▸ YOUR INSTRUCTIONS: Everything from the line that contains "看向窗外点点水珠交织彩色霓虹蒙蒙细雨在昏黄路灯下飘飘洒洒嘴角轻轻" through the last line below should be transcribed exactly, except the pictures.

▸ RECORDS SUPPLIED:

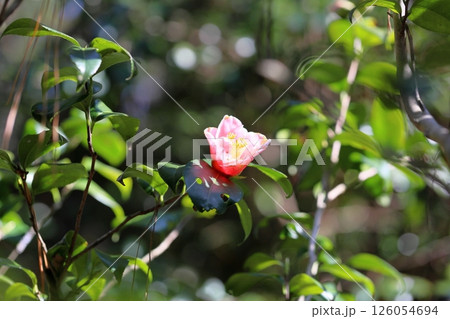 ツバキの花 覆輪秋の宮 ツバキの花 覆輪秋の宮 126054694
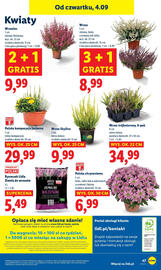 Lidl gazetka Strona 56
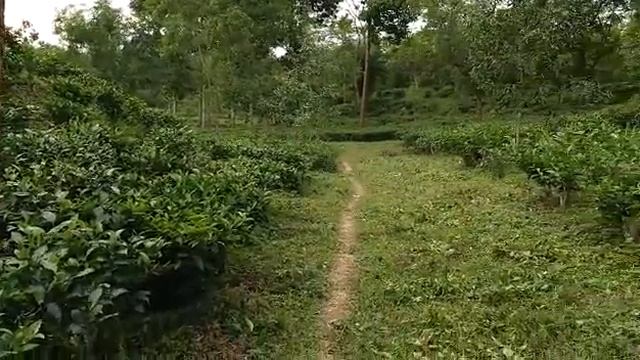 Green tea garden (DTE) Sylhet. Bangladesh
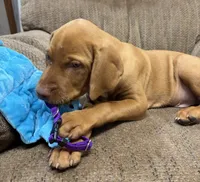 Caro Purple collar boy, a male Vizsla for sale in Ganado, TX – 4 of 6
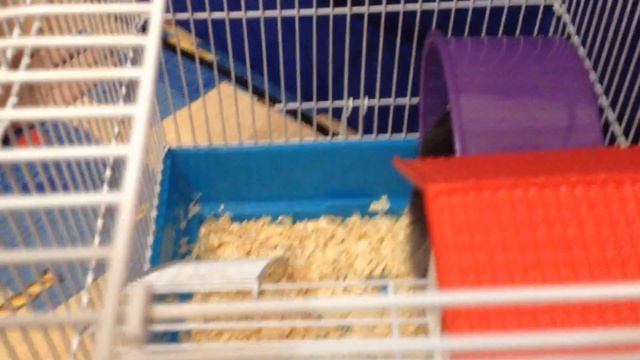 Новый питомец смотреть онлайн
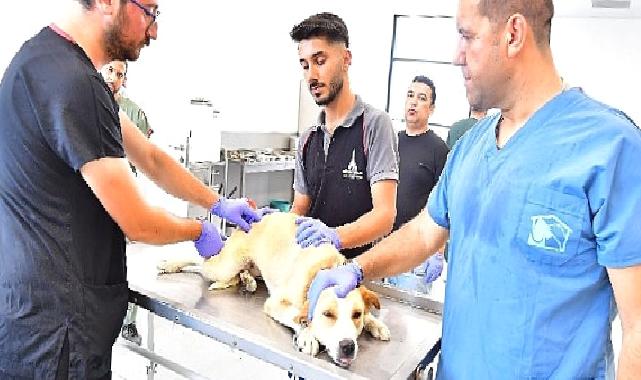 İzmir'de bir yılda 25 bin kedi ve köpek kısırlaştırıldı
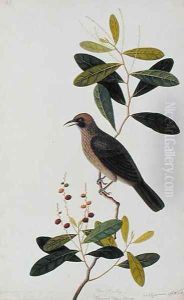 Bua Sambey, Boorong Baroo Baroo, from 'Drawigns of Birds from Malacca', c.1805-18 by Anonymous Artist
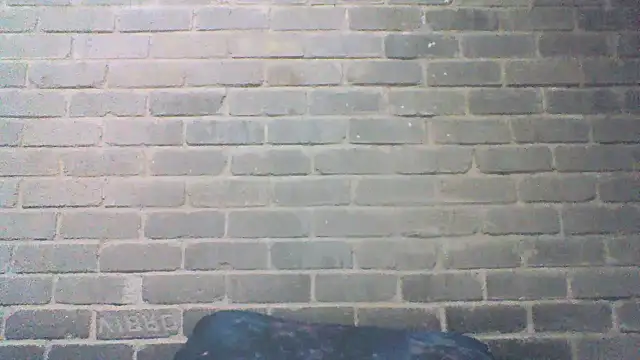 EksJouneMwah live sex cam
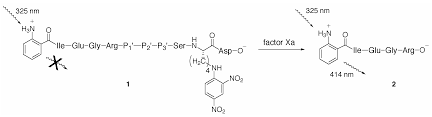 They do not affect platelet. Molecules Free Full Text The Preparation Of Fluorescence Quenched Probes For Use In The Characterization Of Human Factor Xa Substrate Binding Domains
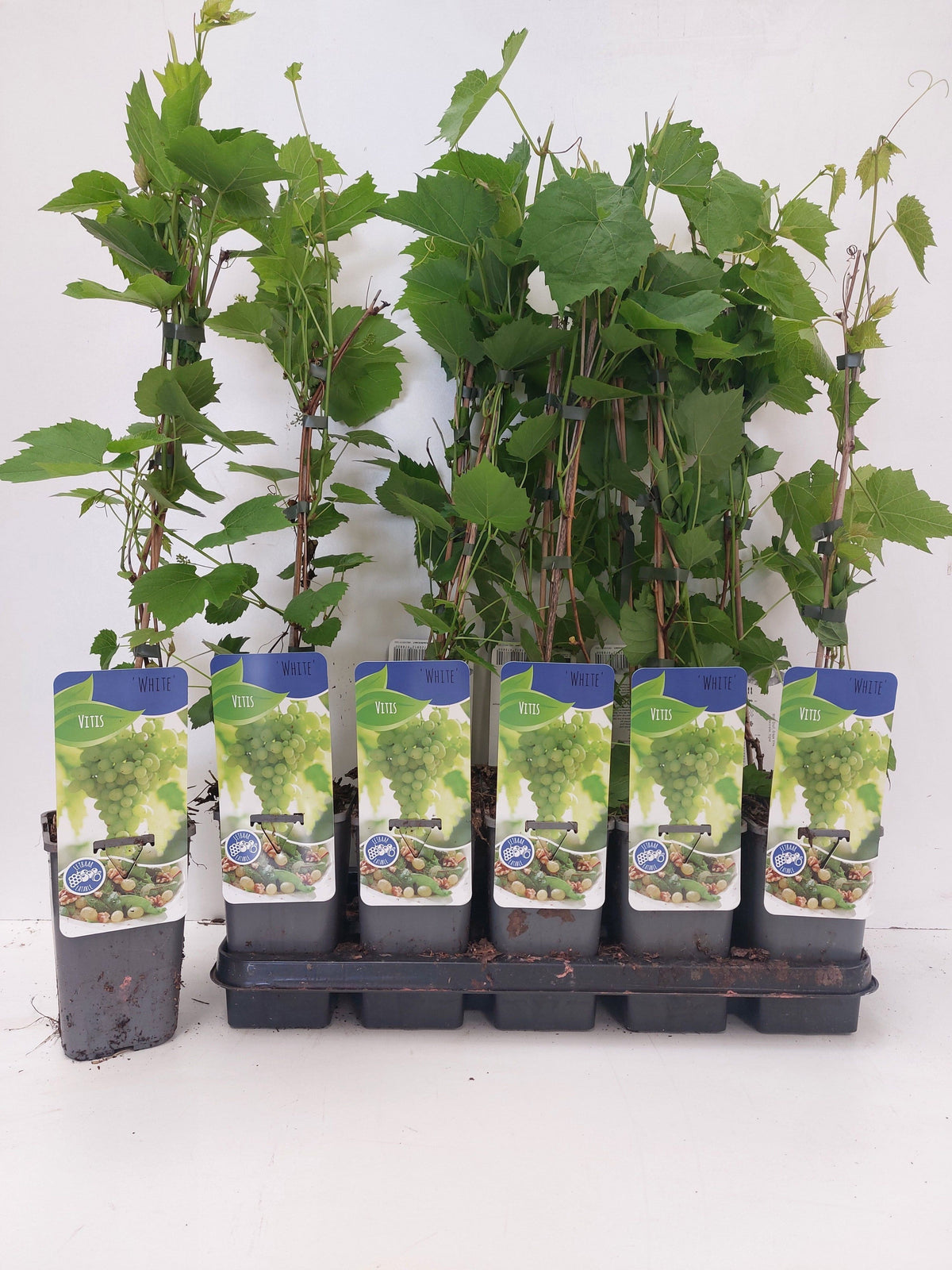 Vitis Attika (Grape) 60cm 11cm Pot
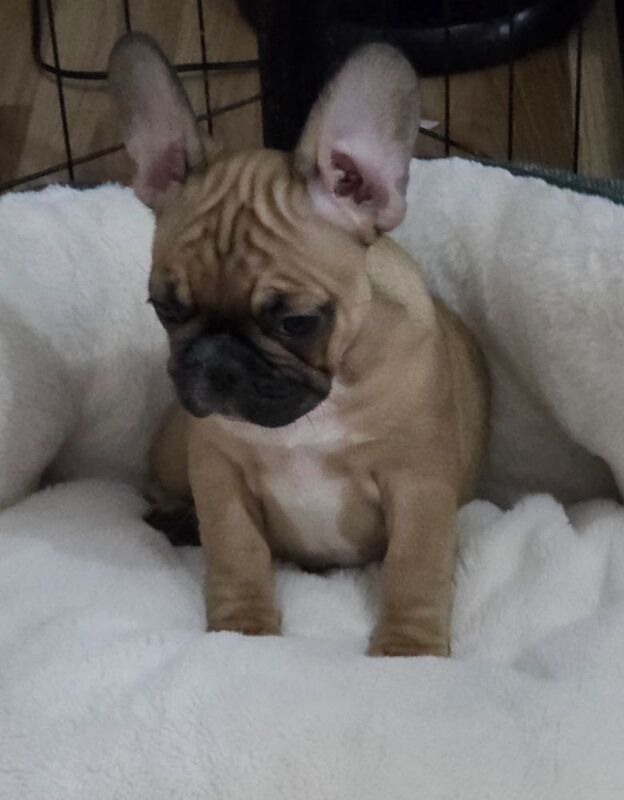 Stunning French bulldogs - Image 12 of 15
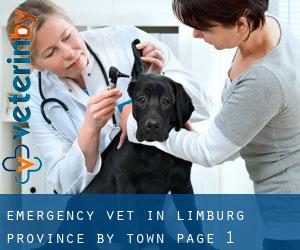 Emergency Vet in Limburg Province by town - page 1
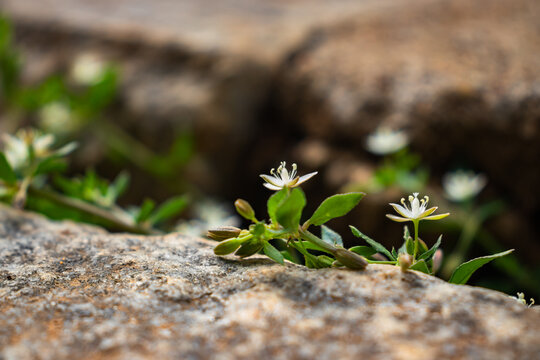 A Macro Close-up of a White Flower in Soil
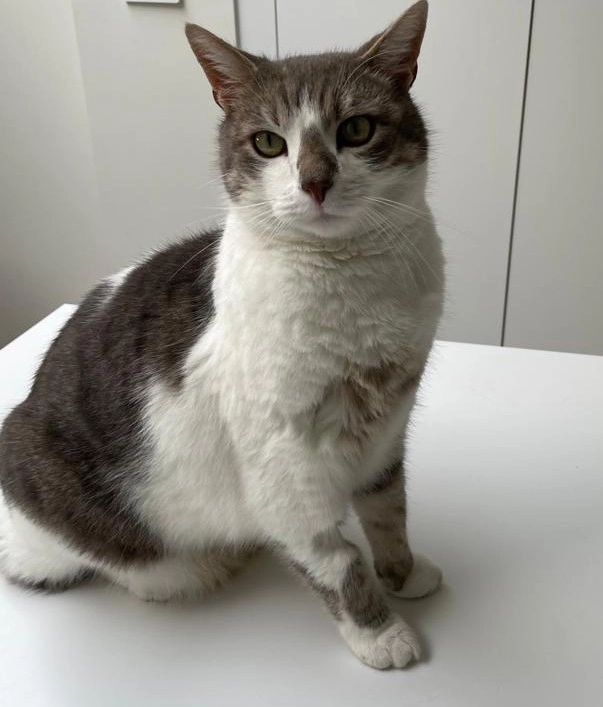 Jess - Kardinaalstraat 19, Leuven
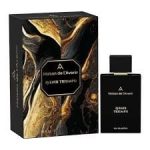 Maison de L'Avenir Avenir Triumph EDP 100ml For Unisex
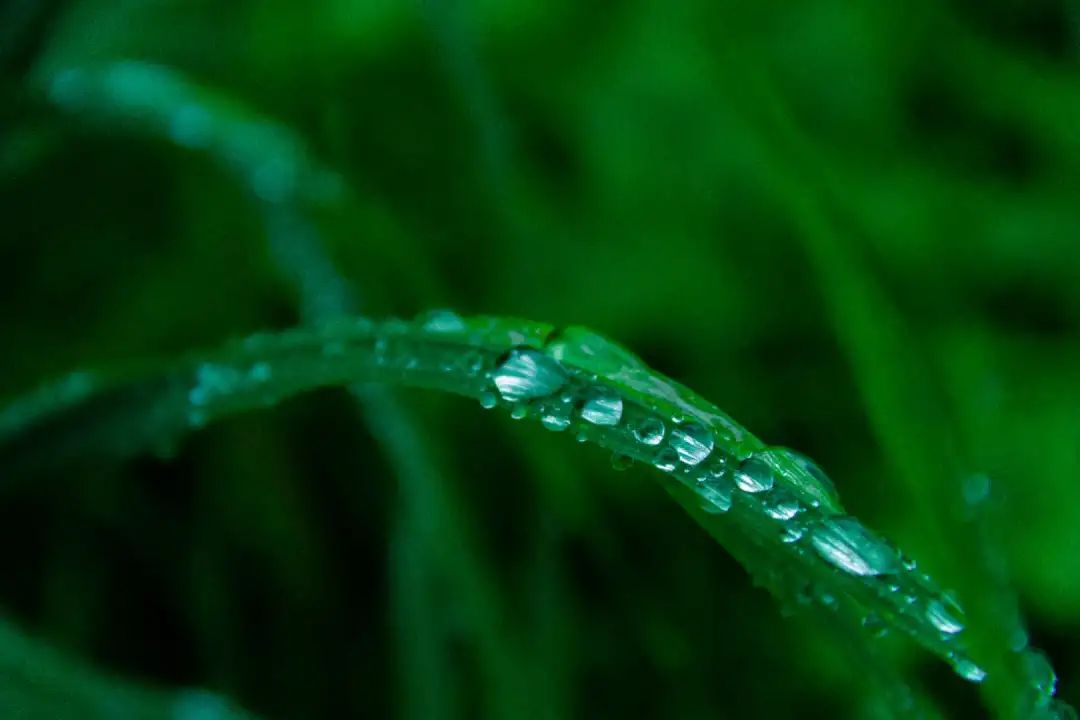 看向窗外点点水珠交织彩色霓虹蒙蒙细雨在昏黄路灯下飘飘洒洒嘴角轻轻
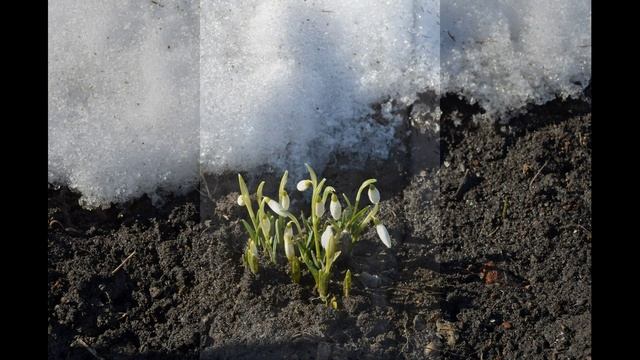 Иеромонах Роман, монах Афанасий (Кокорев). Певец смотреть онлайн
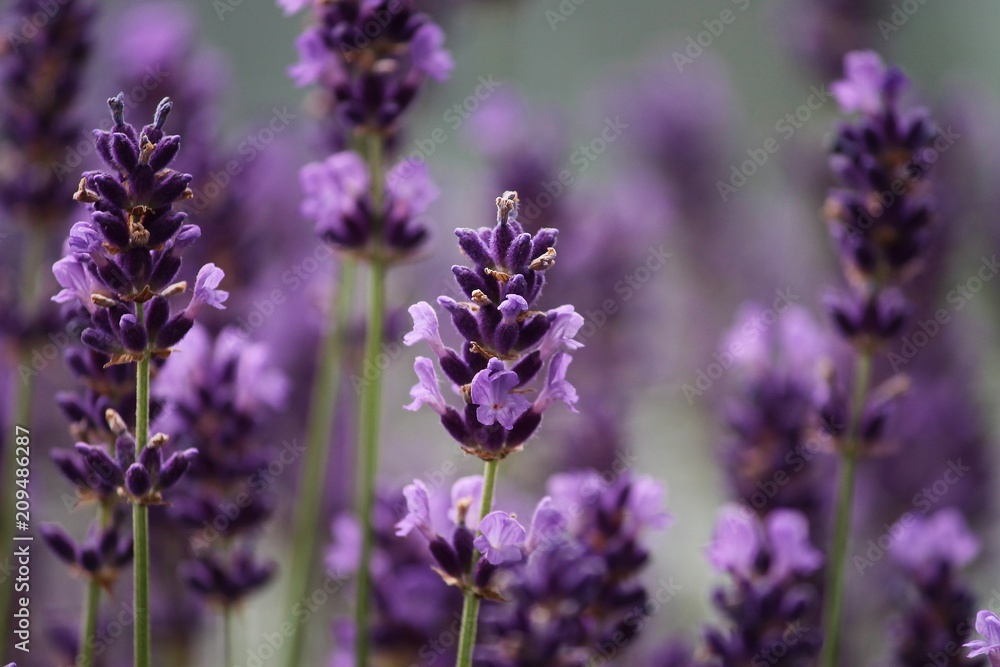 blühender violetter Lavendel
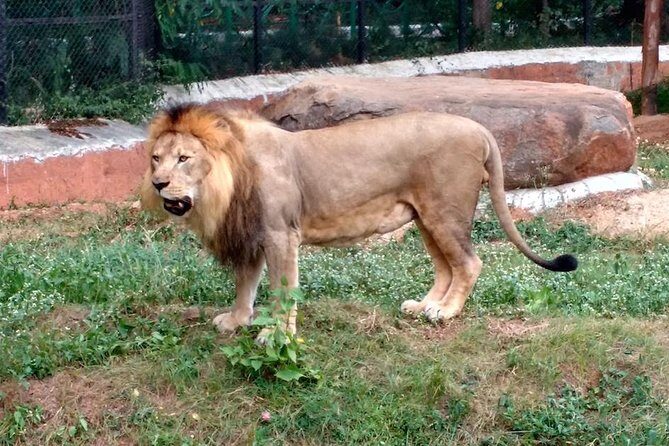 Wild life tour in Chennai with guide and private car - FAQ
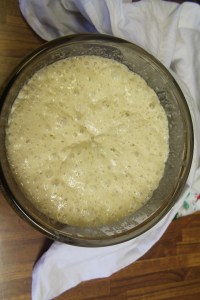 © Julia Briggs for use by ETS, all rights reserved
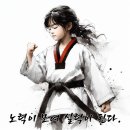 비타민태권도 이미지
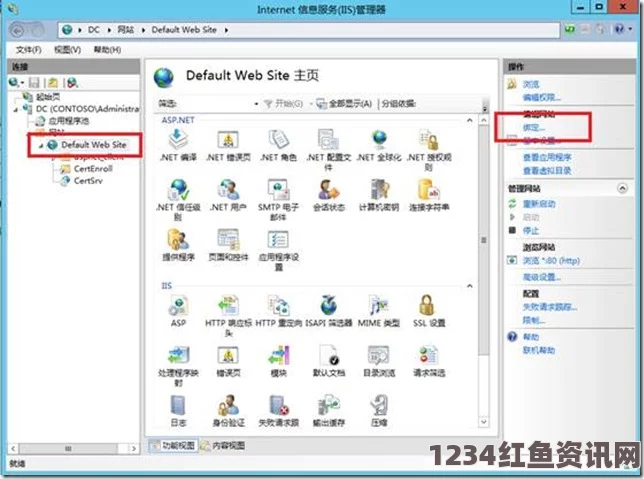 日本Windows Server 9：探索高效能与创新技术的激情画面，带你领略服务器管理的新境界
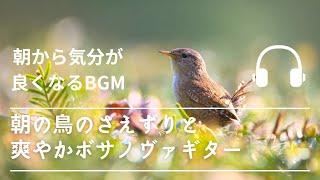 Natural Sonic「朝の鳥のさえずりとさわやかボサノヴァ」 - 朝から気分が良くなるBGM -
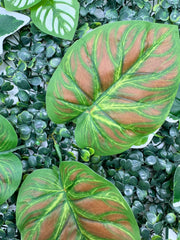 Gard Paravan cu Frunze artificiale, verde decor sau mascare, 40x60cm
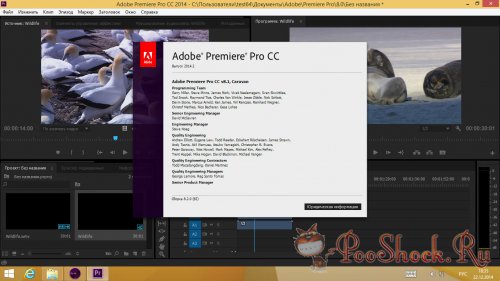 Adobe Premiere Pro CC 2014.2 (8.2.0) RUS-ML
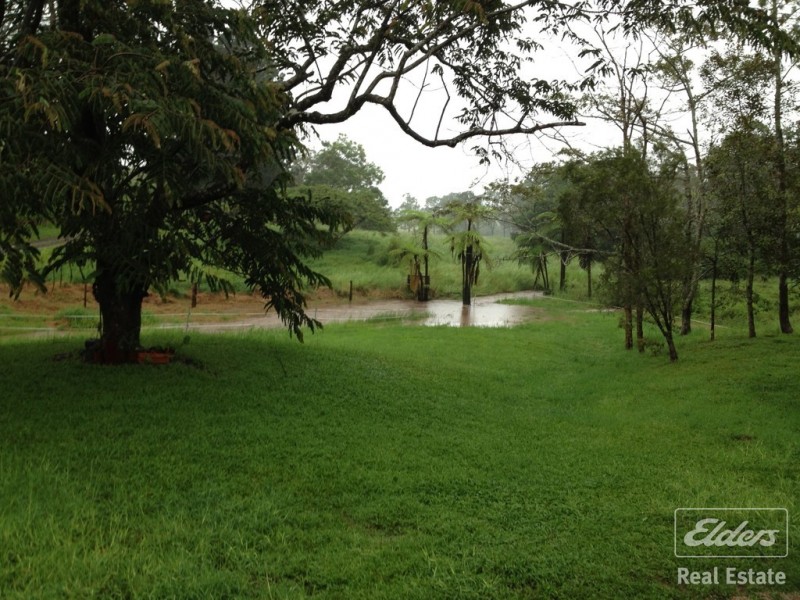 Millaa Millaa QLD 4886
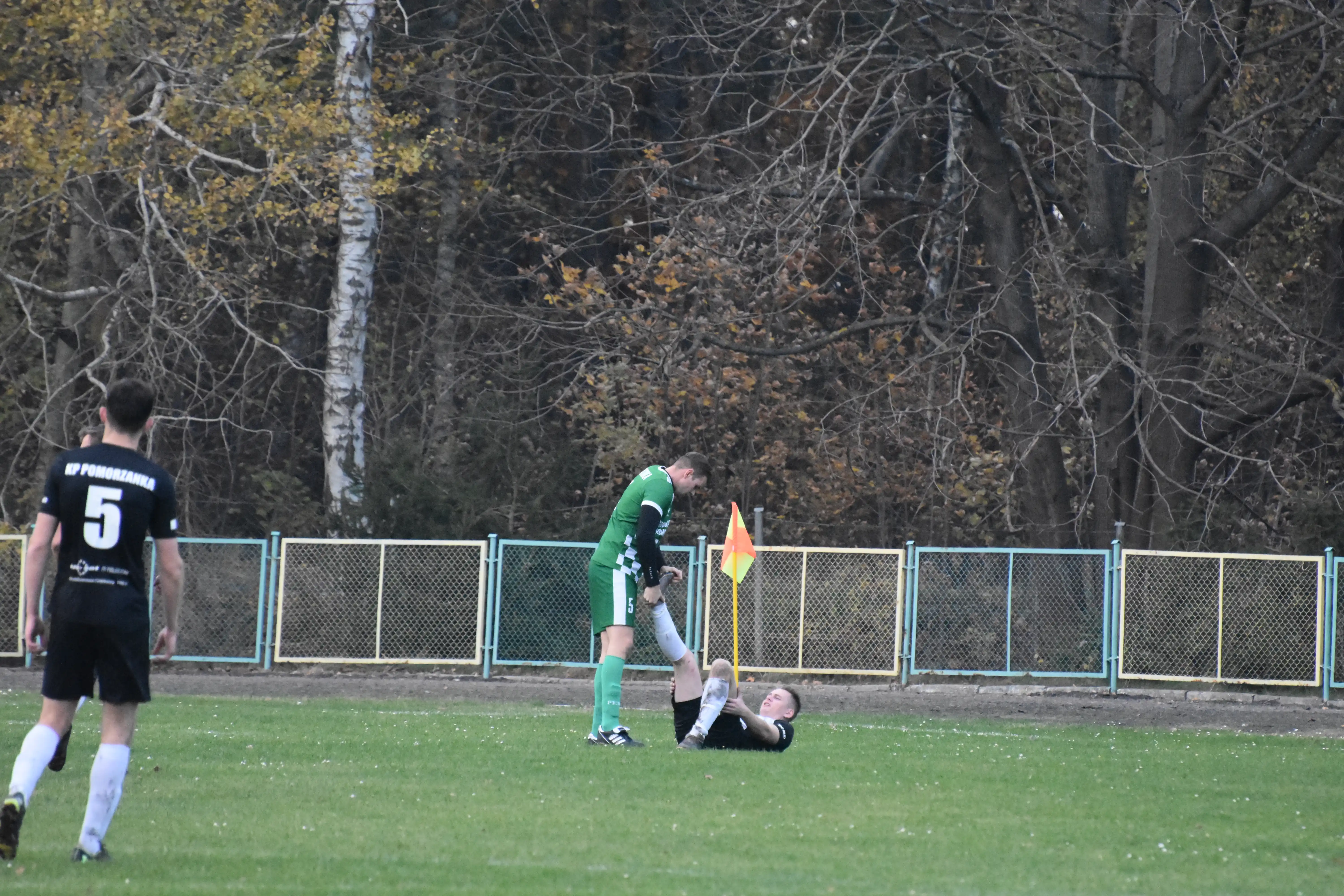 DSC_5536_cqnrjx.webp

▸ OUTPUT FOR THIS TASK:
 看向窗外点点水珠交织彩色霓虹蒙蒙细雨在昏黄路灯下飘飘洒洒嘴角轻轻
 Иеромонах Роман, монах Афанасий (Кокорев). Певец смотреть онлайн
 blühender violetter Lavendel
 Wild life tour in Chennai with guide and private car - FAQ
 © Julia Briggs for use by ETS, all rights reserved
 비타민태권도 이미지
 日本Windows Server 9：探索高效能与创新技术的激情画面，带你领略服务器管理的新境界
 Natural Sonic「朝の鳥のさえずりとさわやかボサノヴァ」 - 朝から気分が良くなるBGM -
 Gard Paravan cu Frunze artificiale, verde decor sau mascare, 40x60cm
 Adobe Premiere Pro CC 2014.2 (8.2.0) RUS-ML
 Millaa Millaa QLD 4886
 DSC_5536_cqnrjx.webp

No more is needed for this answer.